Mehr Platz für Flüsse

BUND fordert Stopp für Flußausbauten. Oderufer sollen waldreich und menschenleer werden  ■ Aus Berlin Gudrun Giese

Das gerade überstandene Oder- Hochwasser soll die Wende bringen: Der Bund für Umwelt und Naturschutz Deutschland (BUND) zumindest hofft, daß die Flutkatastrophe Politiker und Wasserbauer für das Thema Hochwasserschutz sensibilisiert hat. In Berlin präsentierten gestern BUND-Experten einen Katalog weitreichender Forderungen.

Alle Wasserstraßen-Ausbauprojekte an Elbe, Donau, Havel und Saale sollen danach sofort gestoppt, die Flußufer renaturiert werden. „Die Oder hat in den vergangenen Jahrzehnten achtzig Prozent ihrer Überflutungsauen verloren“, stellte Sebastian Schönauer, wasserpolitischer Sprecher des BUND, fest. Deshalb müßten in Zukunft die Flußufer für weitere Besiedlung tabu sein.

Kurzfristig möchte aber der BUND weder die BewohnerInnen des Oderbruchs noch der Ziltendorfer Niederung aus ihren Häuschen vertreiben. Auf längere Sicht aber könne, so Schönauer, die Umsiedlung die beste Lösung sein.

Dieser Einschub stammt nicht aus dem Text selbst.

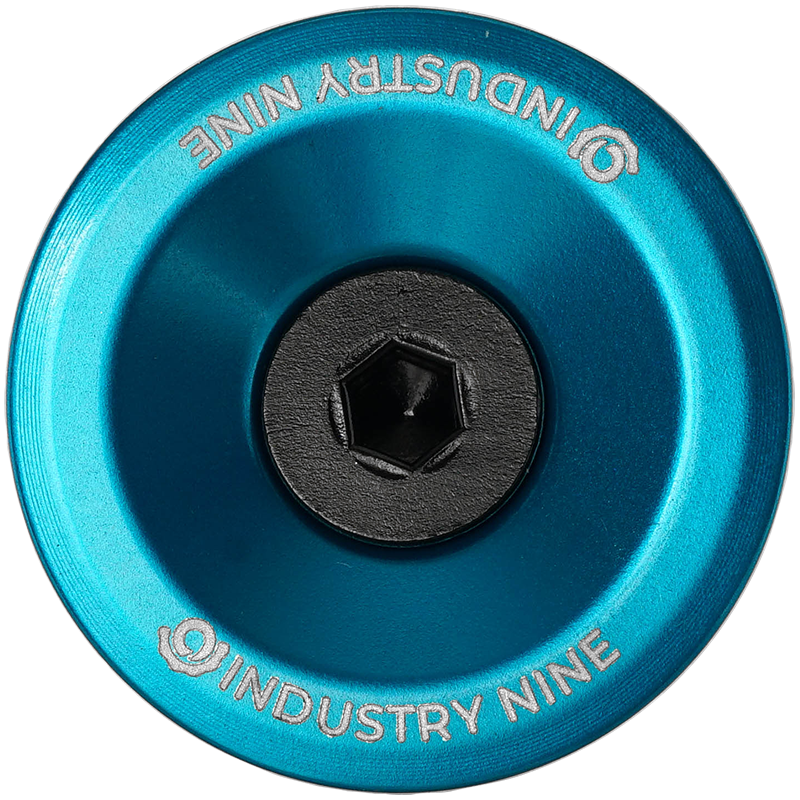 Víčko - TOP CAP ultralite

Auch eine positive Erfahrung sei mit dem Hochwasser verbunden gewesen: „Der Nationalpark Unteres Odertal hat sich als natürlicher Hochwasserschutz bewährt.“ Wichtig ist es allerdings aus Sicht des BUND-Fachmanns für Wasserstraßenausbau, Ernst Paul Dörfler, im oberen Flußbereich der Oder Überlaufflächen wiederherzustellen. In Tschechien seien durch das Waldsterben zum Beispiel im Riesengebirge natürliche Wasserspeicher verlorengegangen.

Bundesumweltministerin Angela Merkel (CDU) hatte in der vergangenen Woche mit ihren Amtskollegen aus Tschechien und Polen vereinbart, einen gemeinsamen Aktionsplan für den Hochwasserschutz an der Oder zu erarbeiten. Konkrete Ideen gibt es nicht. Im brandenburgischen Umweltministerium liegt das Hauptaugenmerk derzeit auf dem Wiederaufbau der zerstörten Deiche.

Auf die Forderung des BUND, alle Wasserstraßenausbau-Projekte aus dem Bundesverkehrswegeplan zu stoppen, hat das Bundesverkehrsministerium bereits vorab reagiert: Aus dem Haus von Minister Matthias Wissmann (CDU) hieß es, der Wasserstraßenausbau trage „in der Regel nicht zur Verschärfung des Hochwasserrisikos bei“; der Hochwasserabfluß verbessere sich sogar. Zudem würden bei allen Ausbauvorhaben die Auswirkungen auf den Hochwasserabfluß und auf die Flußauen ermittelt. So wird auch das lange umstrittene Projekt Deutsche Einheit 17, bei dem Teile der Havel ausgebaut werden sollen, mit allen mühselig gefundenen Kompromissen fortgesetzt.

Zumindest ist es unwahrscheinlich, daß die Havel ein vergleichbares Hochwasser wie die Oder produziert: Dazu fehlen ihr die Zuflüsse und somit die Wassermengen nach starkem Regen.